◆ **Exercise materials**
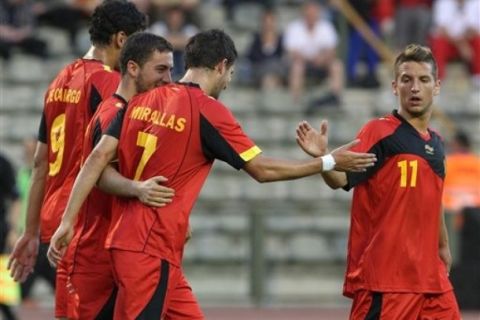 Belgium's players cheer, after Eden Hazard scored against Montenegro, during a friendly soccer match at the King Baudouin stadium in Brussels, Friday, May 25, 2012. (AP Photo/Yves Logghe)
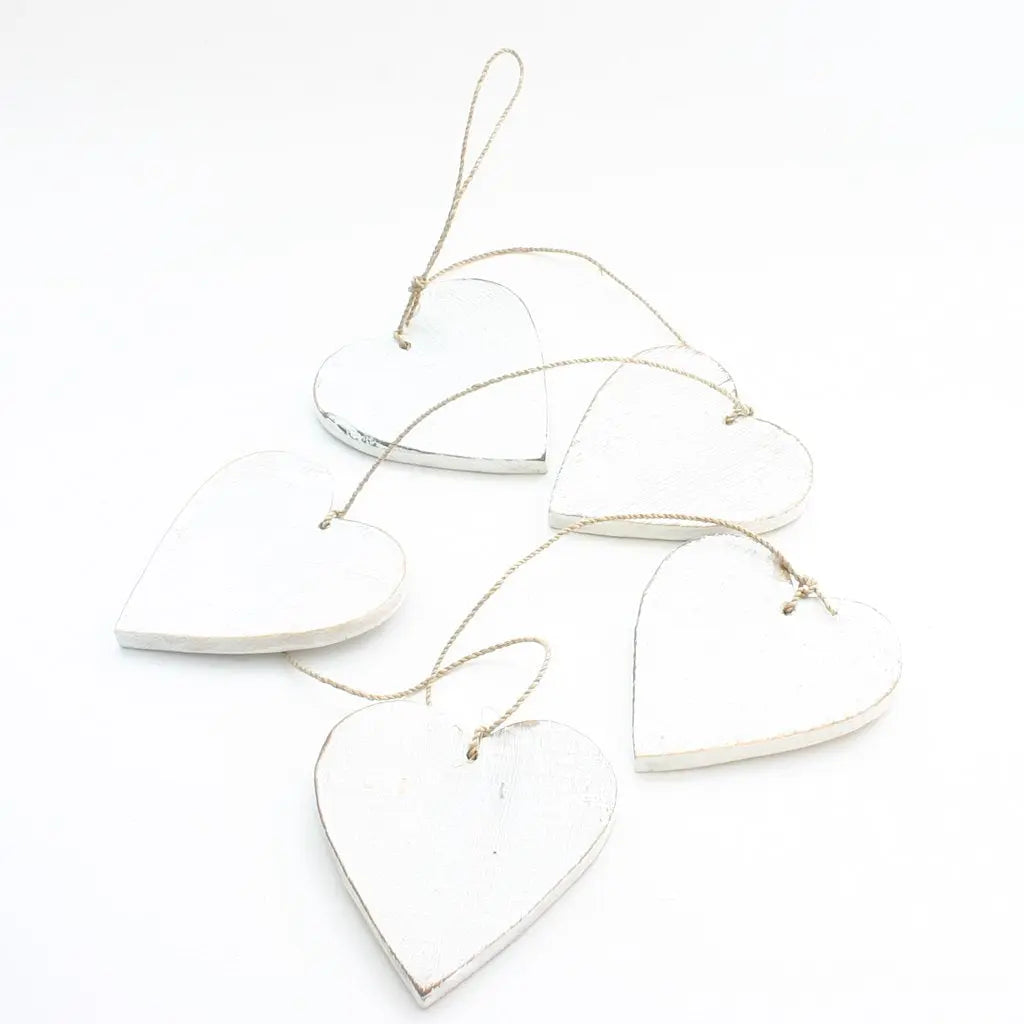 Set of five hanging wooden heart string decor pieces by Suzie Blue Canada, natural wood finish for charming home decor.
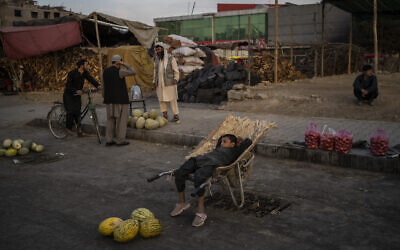 An Afghan boy sits on a wheelbarrow as he waits for customers at a street fruit and vegetable market in Kabul, Afghanistan, September 22, 2021. (AP Photo/Bernat Armangue)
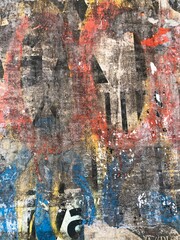 Colorful peeling posters distressed paper texture graffiti detail urban decay wallpaper background	street-art
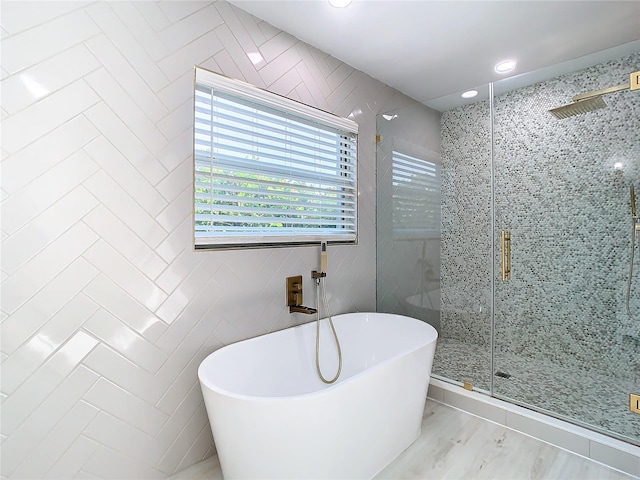 bathroom featuring tile patterned flooring, tile walls, and plus walk in shower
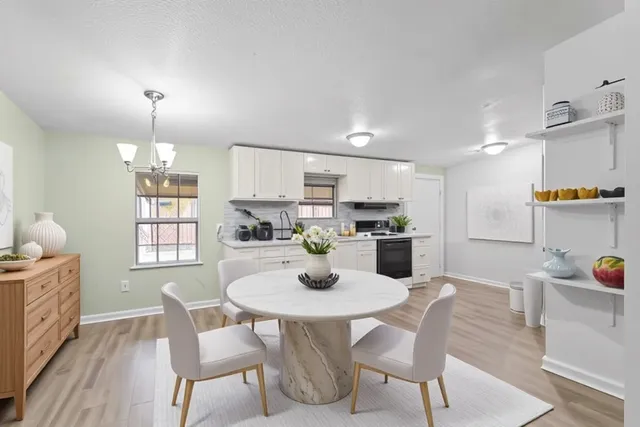 a bedroom with bed and a window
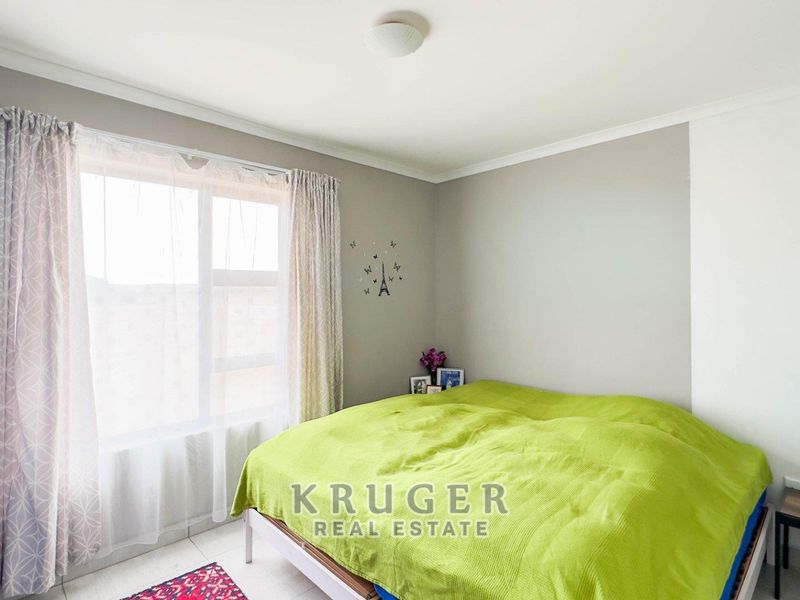 A well-lit bedroom featuring neutral wall tones, tiled flooring, and a large window with curtain fixtures.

◆ **Exercise description**
Please output the material above again, exactly, and omit every image.

◆ **Output of the task**
 Belgium's players cheer, after Eden Hazard scored against Montenegro, during a friendly soccer match at the King Baudouin stadium in Brussels, Friday, May 25, 2012. (AP Photo/Yves Logghe)
 Set of five hanging wooden heart string decor pieces by Suzie Blue Canada, natural wood finish for charming home decor.
 An Afghan boy sits on a wheelbarrow as he waits for customers at a street fruit and vegetable market in Kabul, Afghanistan, September 22, 2021. (AP Photo/Bernat Armangue)
 Colorful peeling posters distressed paper texture graffiti detail urban decay wallpaper background	street-art
 bathroom featuring tile patterned flooring, tile walls, and plus walk in shower
 a bedroom with bed and a window
 A well-lit bedroom featuring neutral wall tones, tiled flooring, and a large window with curtain fixtures.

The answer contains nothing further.